EQT will Apleona verkaufen
In der deutschen Immobilienbranche, wenn auch an einem ganz anderen Punkt der Wertschöpfungskette, ist EQT bereits vertreten, und zwar über das Investment in die frühere Gebäudemanagementsparte von Bilfinger, die seit der Übernahme durch EQT Apleona heißt. Diese wollen die Schweden nun aber offenbar bald verkaufen.
Neben Apleona hat EQT elf weitere deutsche Unternehmen im Portfolio, darunter auch den potenziellen Börsenkandidaten Ottobock. Hier wird bereits auf einen IPO im nächsten Jahr geschielt. Jüngste Zukäufe in Deutschland waren der Kabelnetzbetreiber Deutsche Glasfaser, den das PE-Haus im Februar diesen Jahres erwarb, sowie der Desinfektionsmittelhersteller Schülke Ende April.
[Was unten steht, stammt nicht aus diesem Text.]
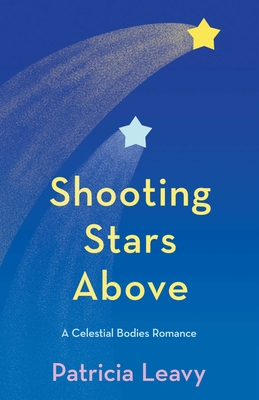 Coperta cărții 'Shooting Stars Above: A Celestial Bodies Romance - Patricia Leavy'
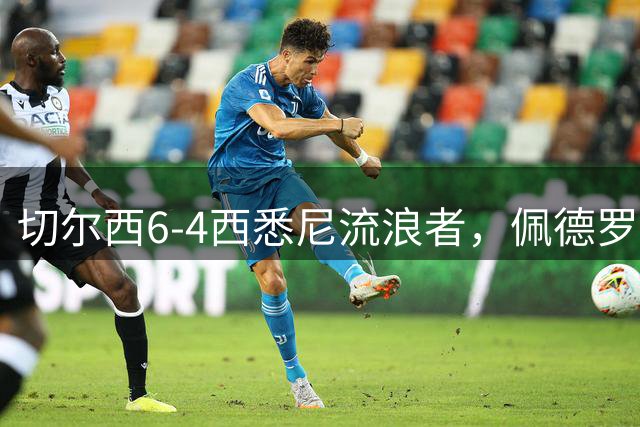 切尔西6-4西悉尼流浪者，佩德罗替补登场上演帽子戏法+助攻
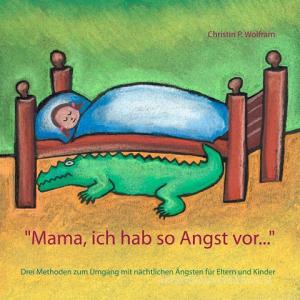 "Mama ich hab so Angst vor ..." di Christin P. Wolfram edito da Books on Demand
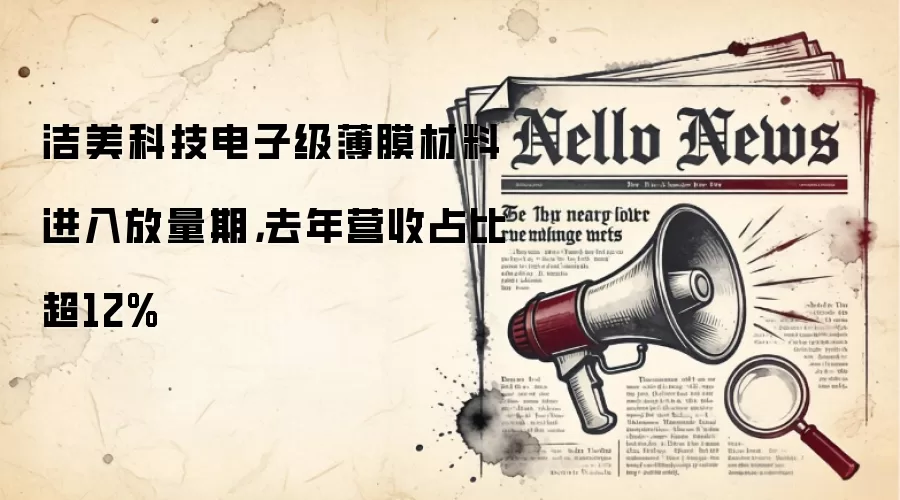 洁美科技电子级薄膜材料进入放量期，去年营收占比超12%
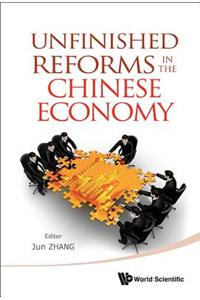 Unfinished Reforms in the Chinese Economy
Auch Schüttflix hat neuen Investor
Heute wurde auch noch eine zweite, wenn auch deutlich kleinere Transaktion aus der Baubranche bekannt. Wie die FAZ berichtet, ist der Baukonzern Strabag mit einem einstelligen Prozentsatz bei dem Gütersloher Start-up Schüttflix eingestiegen, das eine digitale Plattform für den Einkauf und die Abrechnung von Schüttgut entwickelt hat. Strabag will die Schüttflix-Lösung in den nächsten Monaten an all seinen rund 5.000 Baustellen einführen. Schüttflix gehört ebenfalls zu den Tech-Unternehmen, die die Bauindustrie digitalisieren wollen. Das Unternehmen ist erst zwei Jahre alt, wächst aber stark und plant, in diesem Jahr bereits 12 Millionen Euro Umsatz zu erlösen.